Anyhow, Saturday morning, I discovered that my old posts had an error message from Photobucket. Instead of the photos I've been using to illustrate some of my blog posts, I was told that my account was in violation for engaging in third-party embedding. But, I could rectify that problem by signing up for a "Plus 500" account. So I clicked over to Photobucket and found... that a Plus 500 account can be had for the low low price of $399.99 a year!
Now, Photobucket is welcome to do with its website what it wants; after all it's their private property. And if they need to sell stuff -- be it services involving putting photos on swag or making paid accounts -- to pay for the bandwidth, I can certainly understand that. But $400 a year is frankly ridiculous. I looked up the various web-hosting giants of the sort that you see TV ads for, and I could set up a WordPress blog on one or another of them for a quarter of that price if not less (I think they were all in the $6-7/month range).
And Photobucket did this without any warning. Oh, I got sent an email that wound up in Gmail's spam folder, but it wasn't a warning. It was an announcement that the account was third-party linking and that this was no longer permitted. Which is nonsense because Photobucket had always had a bunch of tag options accompanying individual photos for what to post if you wanted to use a photo in a bulletin board (the sort of board that uses the square brackets instead of HTML); if you needed to use HTML; or if you just wanted to send a link in email. So obviously they were expecting and encouraging when you signed up ages ago that you were going to be embedding images elsewhere! If they had sent a message, say, on June 1 saying that as of July 1 third-party embedding would no longer be allowed, that would still suck but at least it would have given people time to figure out what to do. But they didn't seem to do that at all from what I've read elsewhere on the web. And it's not as if they grandfathered old images in. Lots of people all over the internet just had things broken for them one day.
Now, Blogger has a native system for allowing embedding of images in blog posts, with the images winding up on Google's servers. I never used it mostly out of inertia. I had had a bunch of photos up on Photobucket, and knew how to use it to embed images, so when I started the blog it was easy to just keep using Photobucket. Lots of people have such online inertia, I think. And it's not as if this low-traffic blog was anywhere near a bandwidth violation. Nine years and I think I'm at about 2% of storage capacity. I had even created a template to make the various alignment of photos in threads easier. I should still be able to use the templates; it's just that the URLs for any photos I post are going to change from something with a photobucket domain to something with a blogspot (I think) domain. (The Thursday Movie Picks posts are hotlinking to Wandering Through the Shelves' image which is already on Blogspot which is why those still show up. I figure since we're both on Blogger/Blogspot that hotlinking shouldn't be an issue.)
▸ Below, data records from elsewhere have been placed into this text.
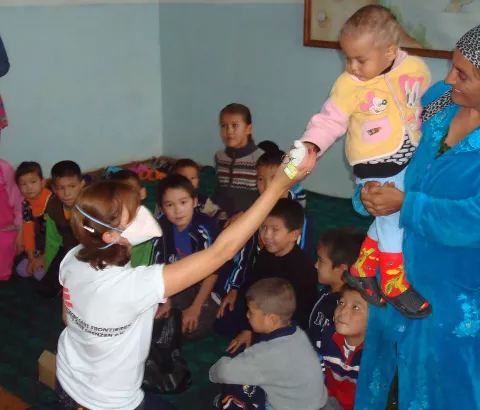 Medical Team Leader Tatyana Pylypenko and staff members distribute toys donated to MSF in a TB children’s ward in Nukus, Uzbekistan. Photograph by Rolan Abipov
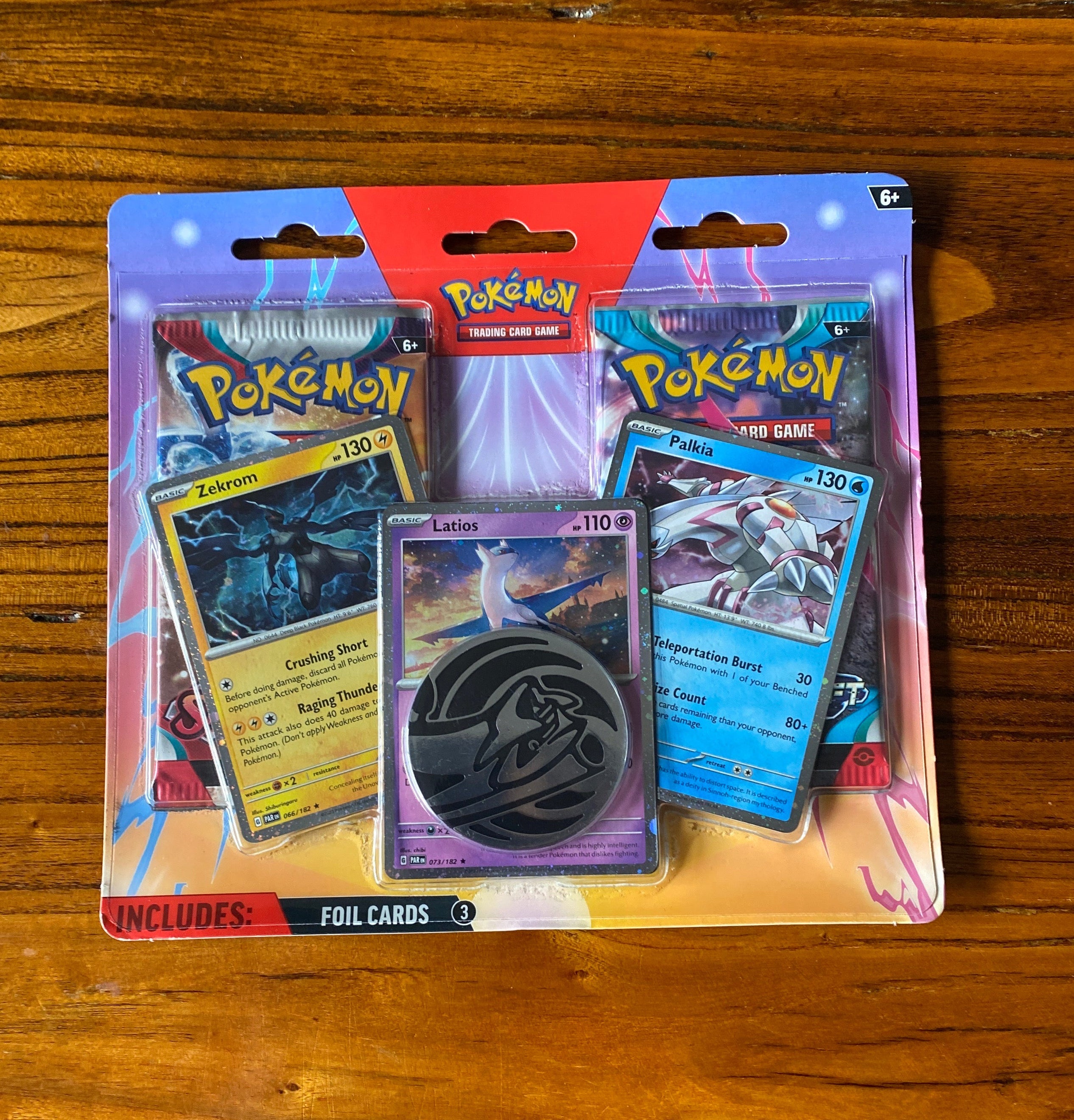 Pokémon TCG: Enhanced 2-Pack Blister featuring Latios, Zekrom, and Palkia. Includes: Three exclusive foil promo cards of Latios, Zekrom, and Palkia.
Two Pokémon TCG booster packs.
A collectible metallic Pokémon coin.
A code car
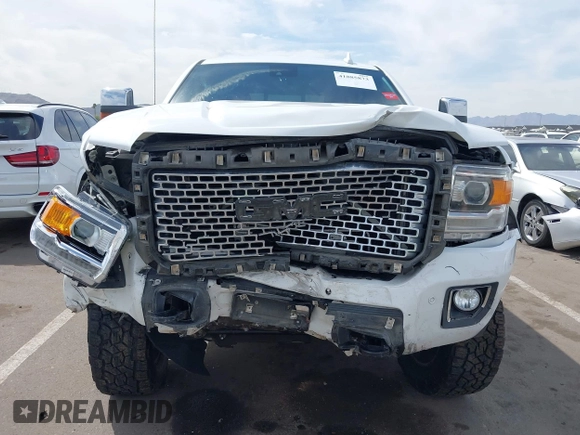 2016 GMC Sierra 2500HD Denali z VIN 1GT12UE88GF170375, wystawiony jako IAAI lot #41885873 z przebiegiem 150 108 mil mil oraz . Historia ofert i sprzedaży dostępna na DreamBid. Obrazek 12.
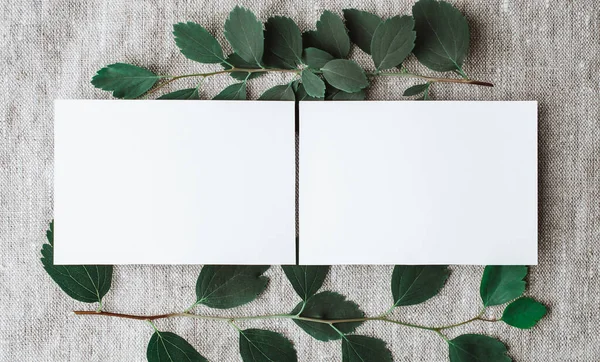 Blank personal card, stationery mockups with natural sunlight and botanical shadows on Gray linen tablecloth fabric background. With copy space.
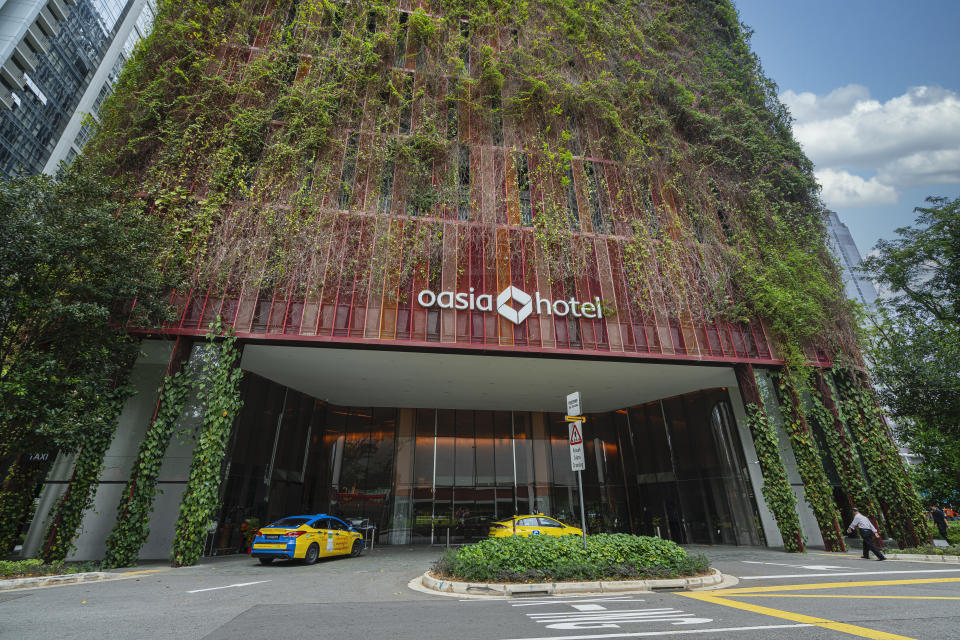 Singapore, January 2020.   The Oasia Hotel Downtown building covered with tropical vegetation designed by Woha Studio, a Singapore-based architectural firm.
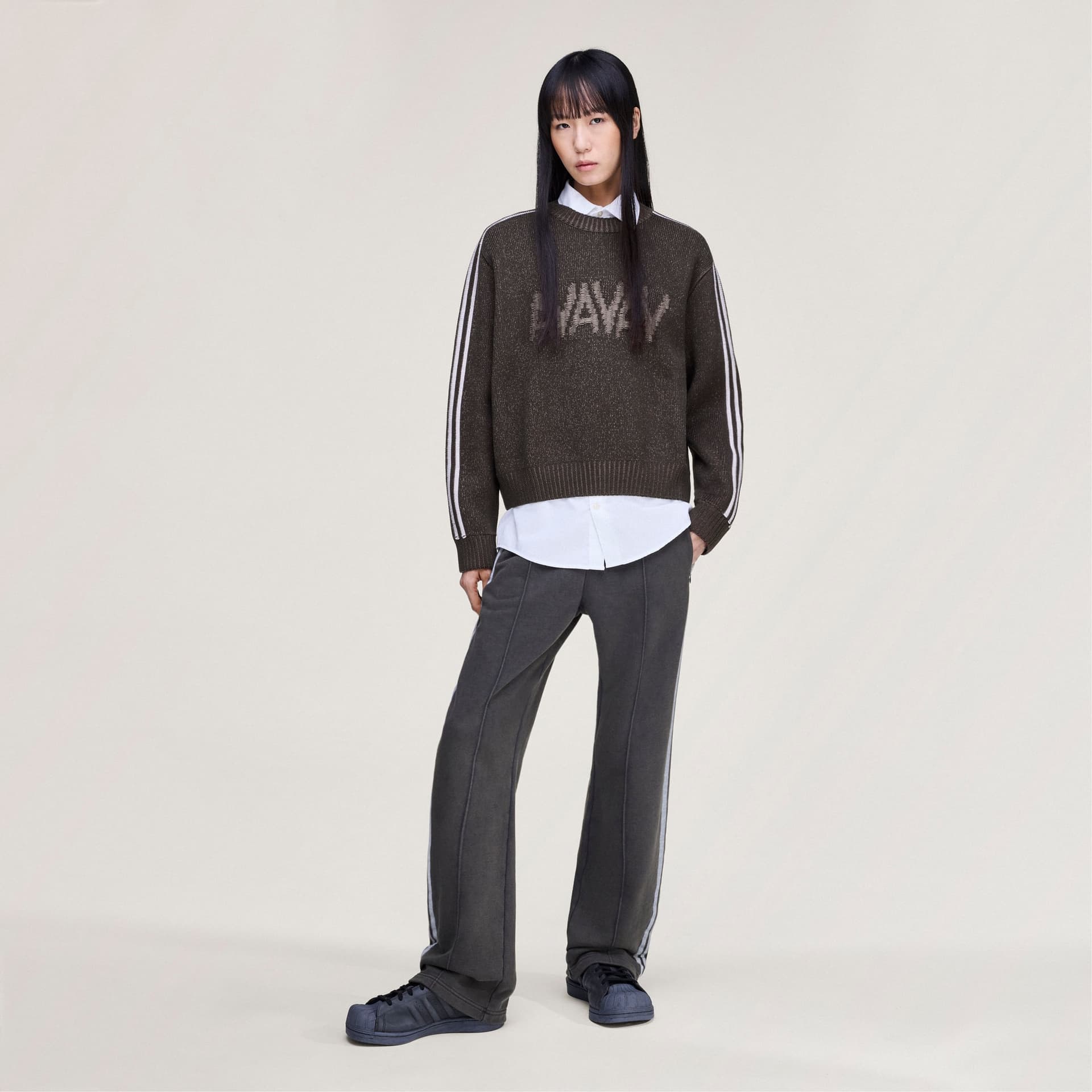 A model wearing the adidas Originals by Avavav Crewneck Sweater in dark brown, over a white shirt with matching trousers.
It's more that it's going to take some time to figure out how to do everything efficiently for me. And then there's the issue of unbreaking all those old posts that have photos in them. I don't know if that's ever going to happen. Ironically, just yesterday I got around to listening to a months-old interview on Radio New Zealand titled Losing our digital memory about issues like this. The MP3 file which is about 22MB and 22min, is here. It's not movie related, but it is related to this.